Proposal to allow double colon (i.e. "::") to be used inside a glyph id #47

Closed ibalaur closed 5 years ago

ibalaur commented 5 years ago

Currently, there is a validation rule that does not accept the double colon inside the glyph id; for example: cvc-datatype-valid.1.2.1: 'n3::n0' is not a valid value for 'NCName'. However, Newt reads and accepts such formats. As an enhacement suggestion, could the current library be extended to accept such format?

Input example: glyph id="n5::n1" class="macromolecule multimer" glyph id="n5::n1::0" class="unit of information"

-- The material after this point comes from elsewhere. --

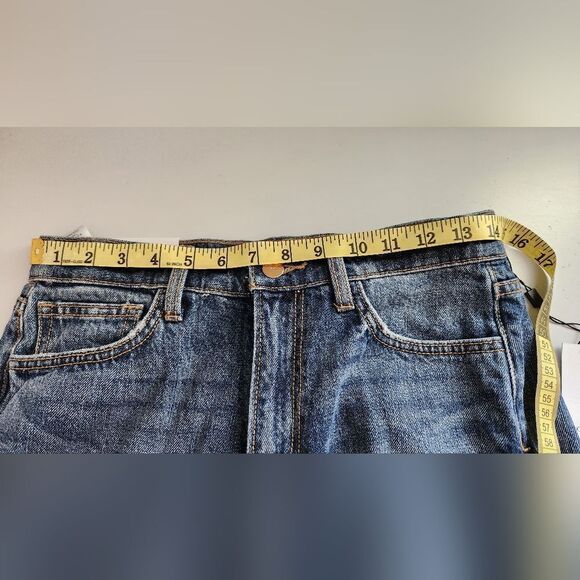 $118 Joe's Jeans Frayed Hem Blue Jean Shorts Women's Size 26 - Picture 6 of 6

cannin commented 5 years ago

Here is my understanding of the error. This is an XML error, not an SBGN error. An SBGNML file must first be a valid XML file and these are checks we did not write (the error you identified). Conceptually, I do not mind the change you suggest, but I am not supportive of turning off this base level of schema checking completely and I do not know how to configure them. It is likely to prevent multiple XML namespaces (a valid concern).

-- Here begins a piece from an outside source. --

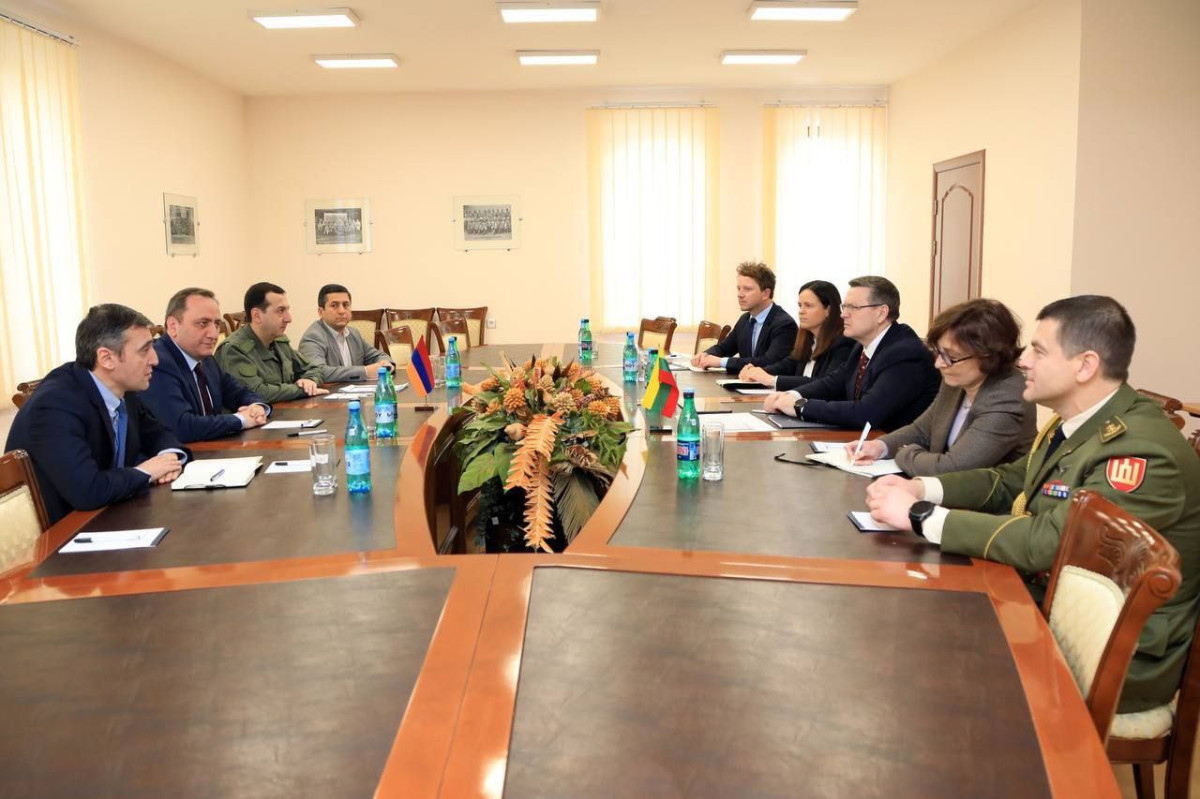 Ermənistan və Litva Müdafiə Nazirlikləri arasında 2024-cü il üçün əməkdaşlıq planı imzalanıb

I assume what is happening is that we have in the schema that identifiers are forced to be xsd:IDs

https://github.com/sbgn/libsbgn/blob/be7b0ab902bbf8fc5cffbc792da638c46e22ca88/resources/SBGN.xsd#L350

which in turn must be NCName valid:

http://books.xmlschemata.org/relaxng/ch19-77151.html http://books.xmlschemata.org/relaxng/ch19-77215.html

@ugurdogrusoz I'm not sure about what might be going on with Newt validation. I do not know a way forward, and maybe it should remain as is. If you see other options, let us know.

ugurdogrusoz commented 5 years ago

Newt uses libSBGN.js, so this is an issue of the associated library, not of Newt. I am not sure how @royludo handled these identifiers and managed to accept double columns.

fbergmann commented 5 years ago

for now libSBGN will let you read / write documents containing invalid identifiers. But i think the validation is correct about issuing a validation issue.

ibalaur commented 5 years ago

Thank you All for replies. @ugurdogrusoz , I believe @royludo replaced such characters with e.g. double dashes/ underscores etc. as I did for getting valid SBGN files after conversion from e.g. yEd (which allows double colon inside names). However, I understand now that this format can cause issues, so it should not be further considered in libSBGN, but to be managed by applications themselves when it appears.